Quizno's very different from Sbarro

While not disagreeing with your observations regarding Quizno's, you gloss over the fundamental problem.

Quizno's originated in a business model that was rapacious to the point of insustainability. Certainly there were some adjustments that could have been made to enhance customer experience, but I don't know of any Quizno's franchisee who would say that was the main problem.

Quizno's operates in the same retail settings (both strip mall and urban streetfront) as their competitors. Quizno's had no greater success in urban than in suburban settings.

Even the newer franchisees who picked up stores at pennies on the dollar could not make them work because the unit level economics were negative. Quizno's hid much of the true royalty cost in the mandatory food and paper goods purchasing, and virtually none of the franchisees could figure out how to break even.

Sbarro may be a fixable system if they follow your advice. Quizno's is not viable unless they address the fundamental greed which was the core of the Schaden model.

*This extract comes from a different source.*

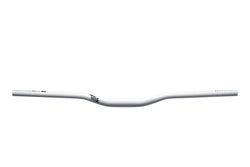 Title MTB AH1 Alloy Bars 35 Clamp - 38mm Rise Gloss White MPN: Title-AH1-35-38-White UPC: 661317988957 Flat/Riser Handlebar AH1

you are so right. When food

you are so right. When food costs exceed 40%, it doesn't matter too much about the other costs - expenses exceeded revenues! When franchisee costs exceed revenues IN SPITE OF A GREAT PRODUCT, the system fails.


Finally, someone with some practical sense. Quiznos franchisees lost money because their food costs exceeded 40%. Their food costs exceeded 40% as a result of the franchisor, itself. I had 10 Quiznos for sale at one point and all the buyers had to do was assume the leases. They are not for sale any longer. They didn't sell, either.

Quiznos Franchise Association

Don't forget that franchise owners have not have a voice even after the class action lawsuit which created a company sponsored association. Current board members (or a least the president) get a thrill up their leg by being in the presence of crooked corporate executives. With that thrill, they will not demand any meaningful changes. Kind of like Chris Matthews had when Obama got elected.

Bob Baber The Tipping Point

His suicide highlighted the issues with Schaden and Quiznos and left many franchisees in a no win situation. Declare bankruptcy or face lawsuits and be forced into bankruptcy. The only positive was that Quiznos and most of the no account landlords Q did business with were too greedy and gave a lot of franchisees the hole the size of a truck to walk through and end the Q nightmare. Unfortunately Baber wasn't one of them. Those franchisees who walked in and paid little or nothing could've dug just a little and learned what scum Schaden and Brannerman are. Learned why Baber did what he did. Hard to believe anyone would buy a Quiznos. Harder to believe there are those who will buy a Smash-burger franchise but sometimes a person's most comfortable position with a Schaden "opportunity" is bent over.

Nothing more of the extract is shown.